Bu yazımızda daha önce zararlarını ele aldığımız serbest radikallerin faydalarından bahsedeceğim. Evet, “faydalarından”. Serbest radikallerin, vücudumuzda DNA, RNA ve protein gibi moleküllere bağlanarak yapılarını bozmasıyla birlikte bazı hastalıklara sebebiyet vermesinin yanı sıra faydaları da bulunmaktadır.

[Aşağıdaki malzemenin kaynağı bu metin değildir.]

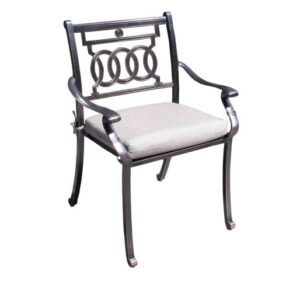Verona Arm Chair
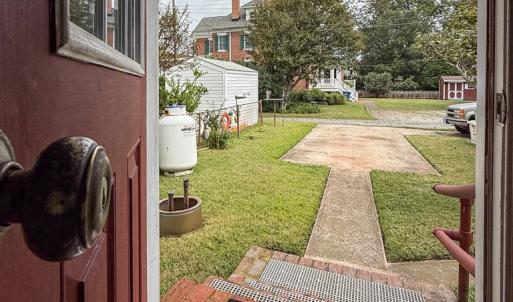 Photo #86 of 108 BAY AVE, CAPE CHARLES, VA 0.1 acres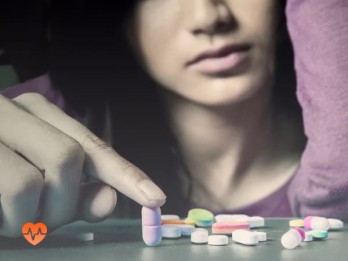 Лекарственная зависимость в ЮАО Москвы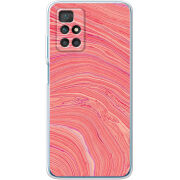 Чехол BoxFace Xiaomi Redmi 10 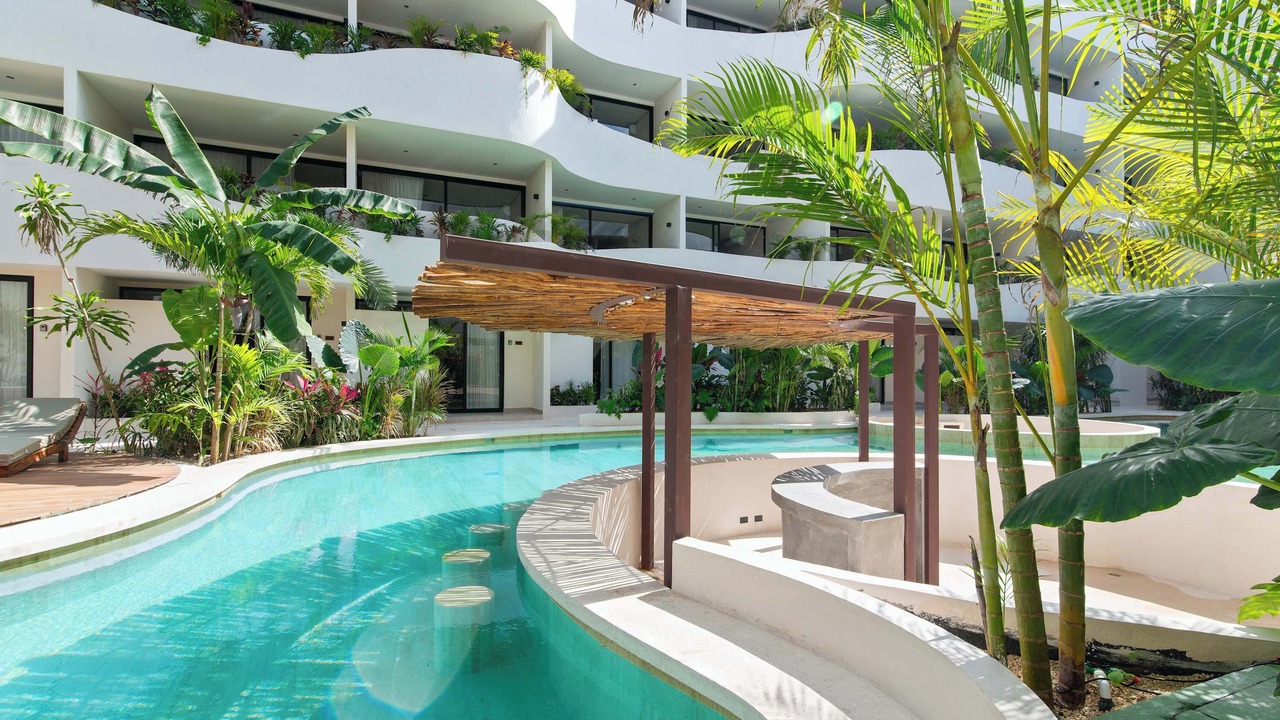Photo of Outdoor in Tulum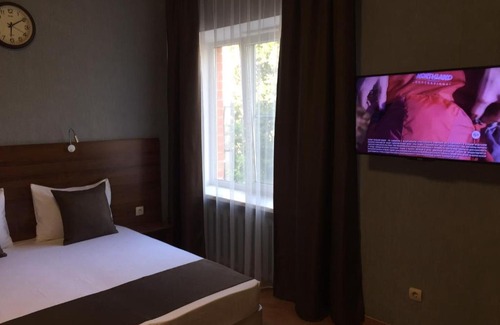 Taganrog Hôtel | Hotel Forsazh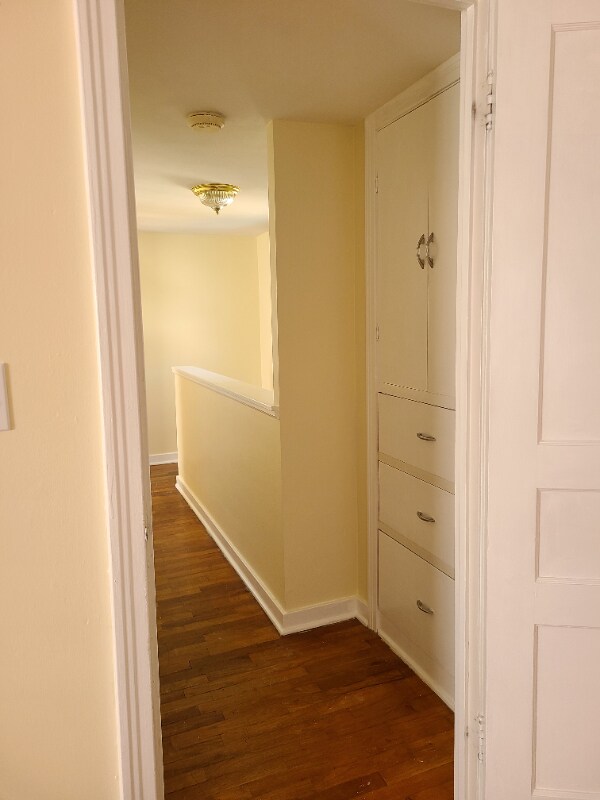 Foto del edificio - 822 W Crawford St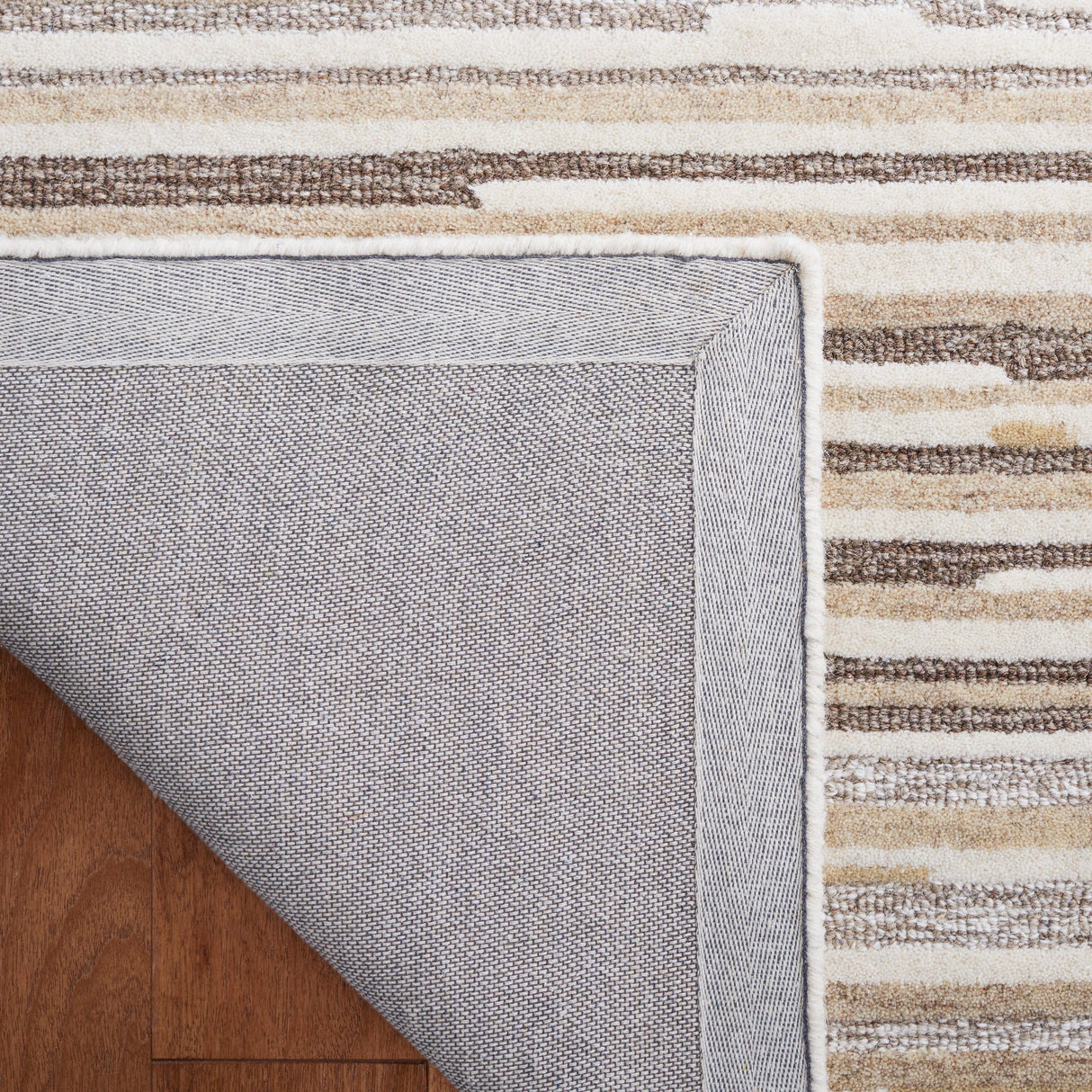 Safavieh Martha Stewart Msr3382B Natural/Beige Rug.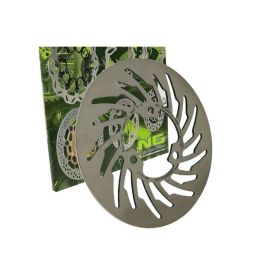 DISCO FRENO 218MM NG BRAKE DISC MBK X-LIMIT 50 DTR 2003-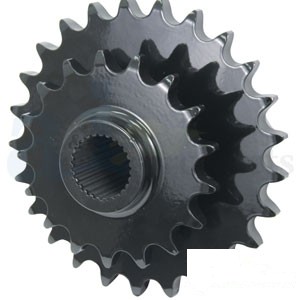 SPROCKET STUFFER — Part #EAP-194120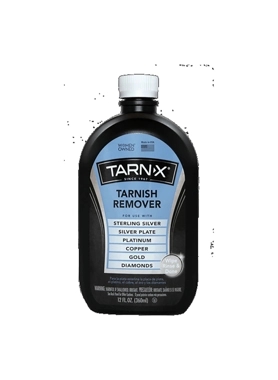 TARN-X JELMAR TARNISH REMOVER 354ML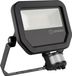 Enzo Ledvance LED Bouwlamp 20W 3000K zwart + Sensor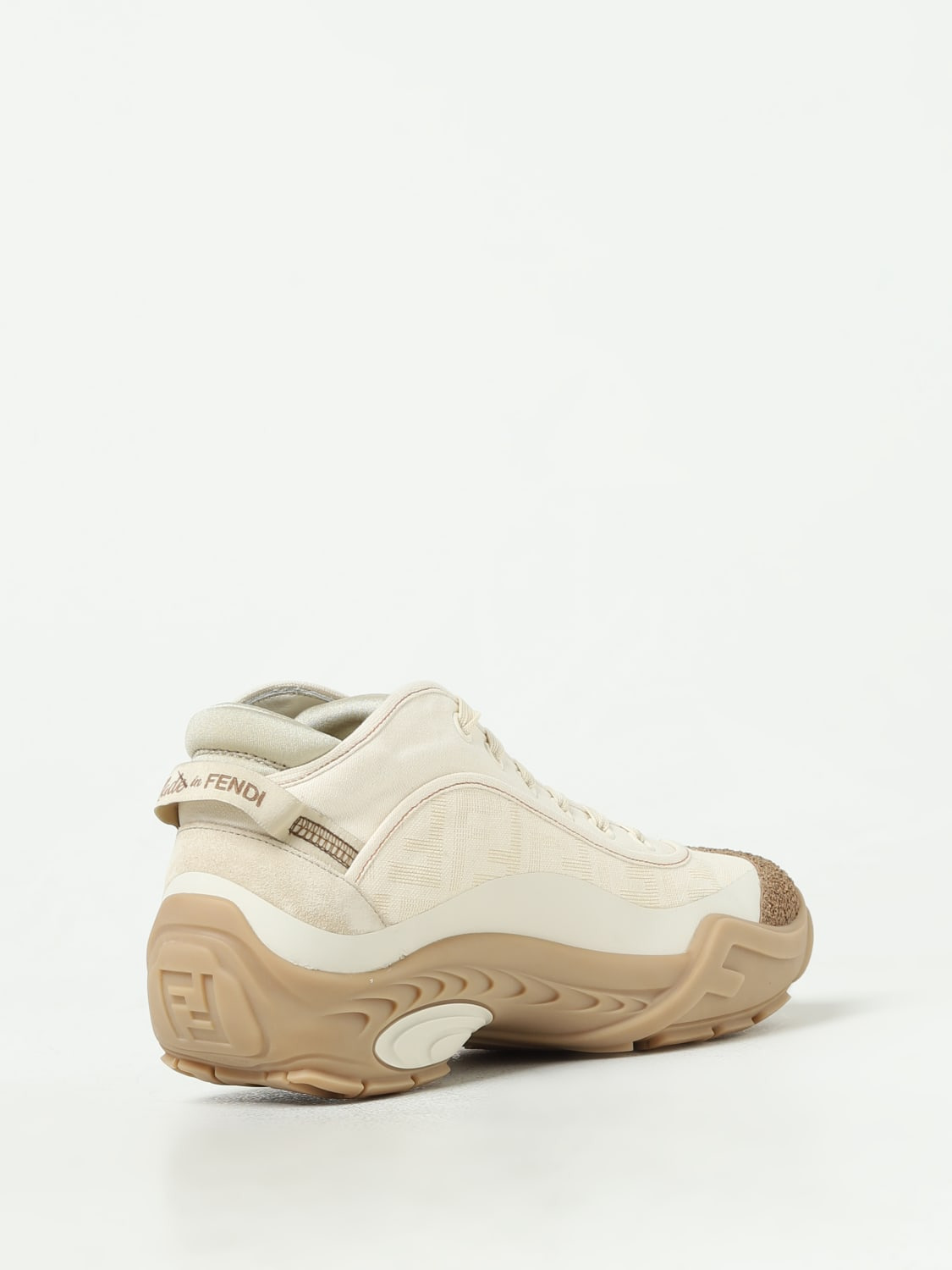 Sneakers men Fendi - 3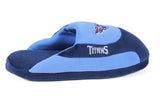 Tennessee Titans Low Pro ComfyFeet Indoor House Slippers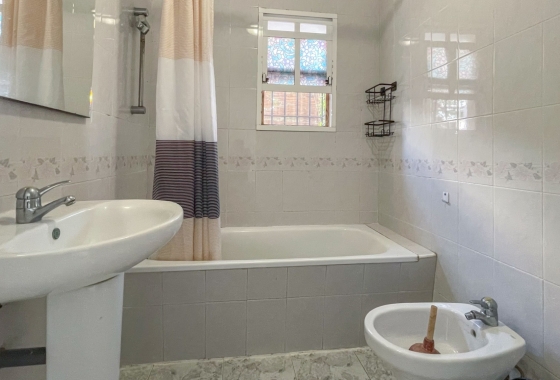 Resale - House - Orihuela Costa - Playa Flamenca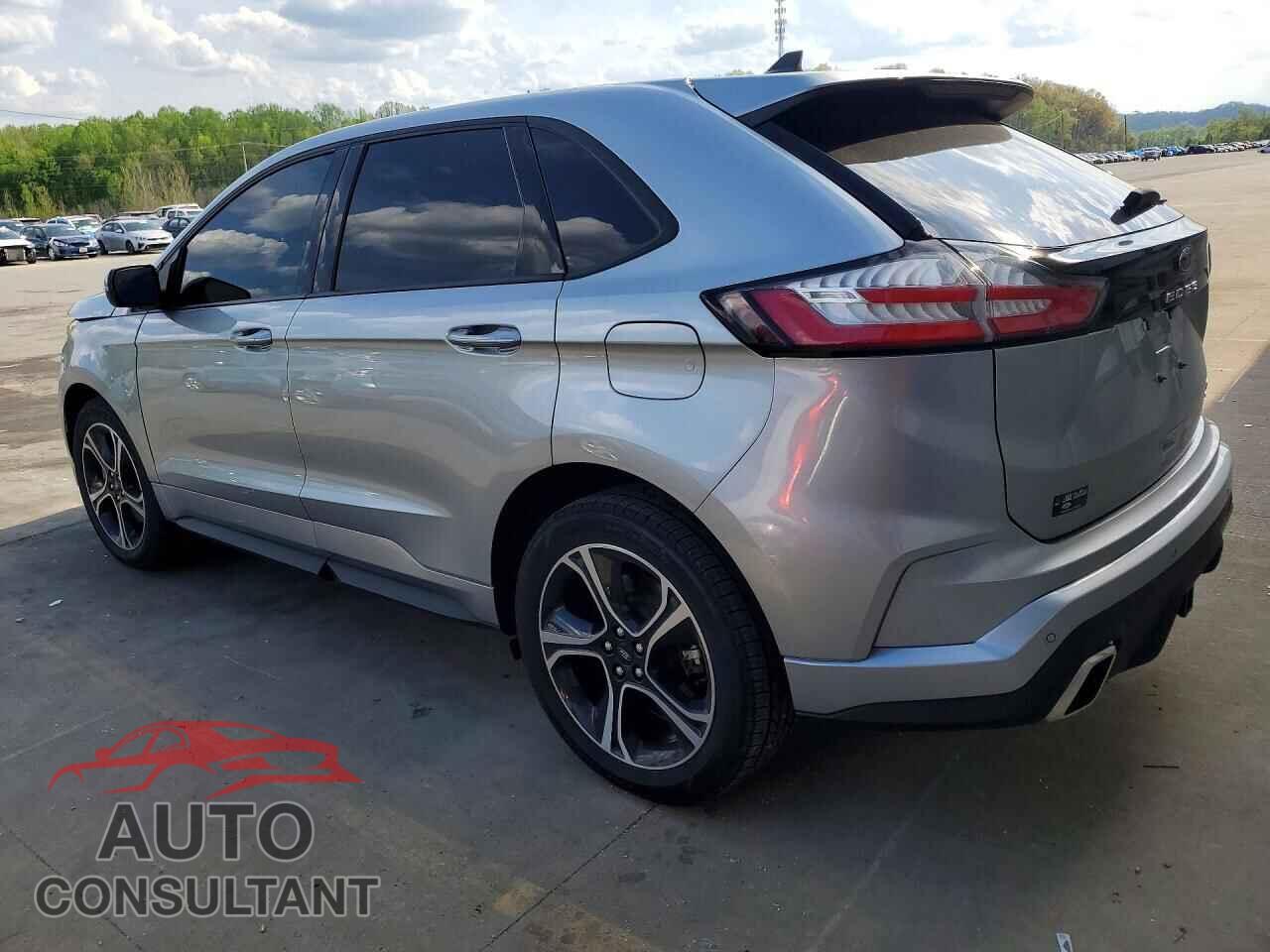 FORD EDGE 2023 - 2FMPK4AP7PBA60244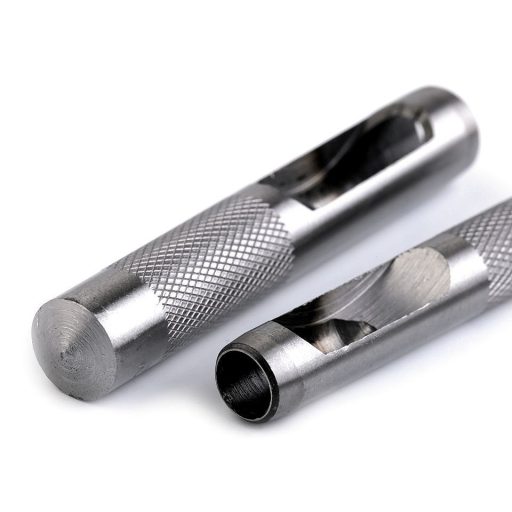 Mintavágó / lyukasztó készlet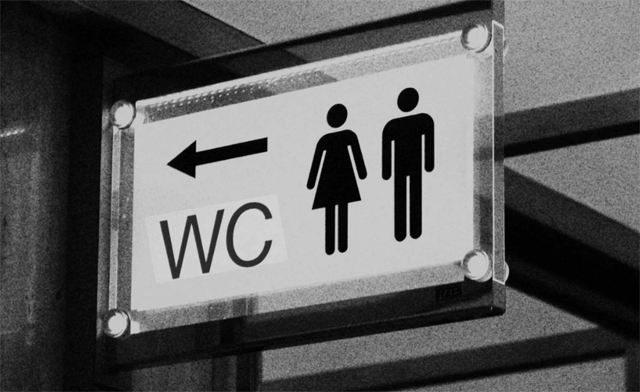 Die meisten wissen es nicht: Die wahre Bedeutung der Abkürzung „WC“ bei Toiletten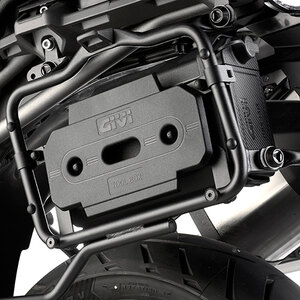 Borsa porta attrezzi - Kit di fissaggio S250KIT - GIVI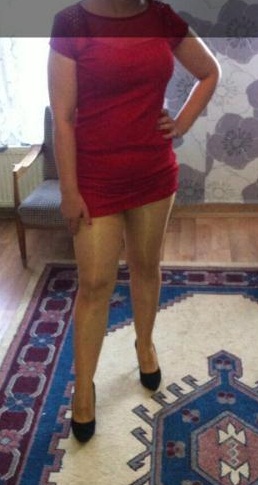 Eryaman Escort Gülce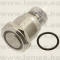 V19-21x-12B-x (   )  PUSH B. D=19 3P SPDT - 45-10-74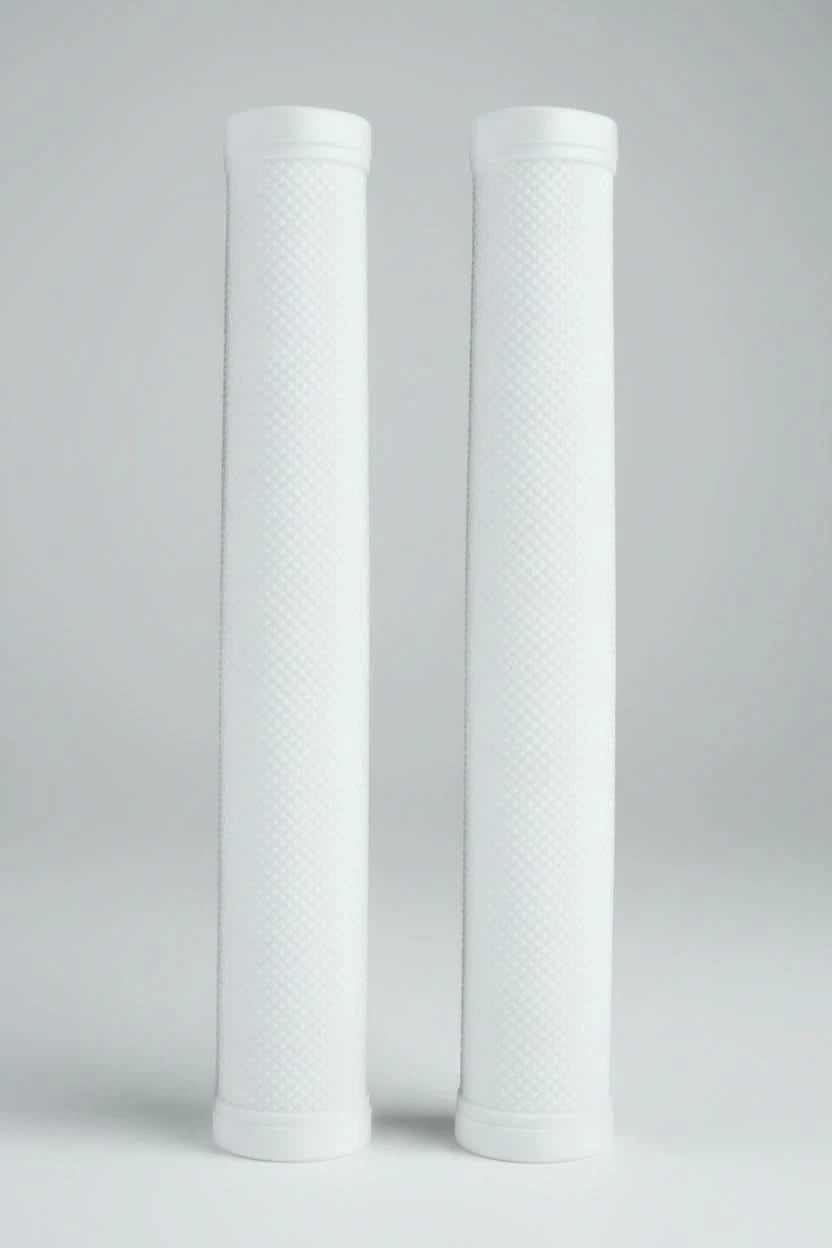 Grips 180mm - White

Araştırmalarda serbest radikallerin düşük dozlarda vücudumuzda immün fonksiyonlarında, detoks reaksiyonlarında ve hücre içi haberleşme gibi olaylarda uyarımlara neden olduğu keşfedilmiştir.
Mitokondride ATP üretimi esnasında elektron transferinde özellikle oksijen merkezli serbest radikaller rol oynamaktadır ve bunlara “reaktif oksijen metaboliti” denilmektedir. Bu metabolitler, vücudumuza toksitlere karşı geniş bir savunma mekanizması sağlamaktadır.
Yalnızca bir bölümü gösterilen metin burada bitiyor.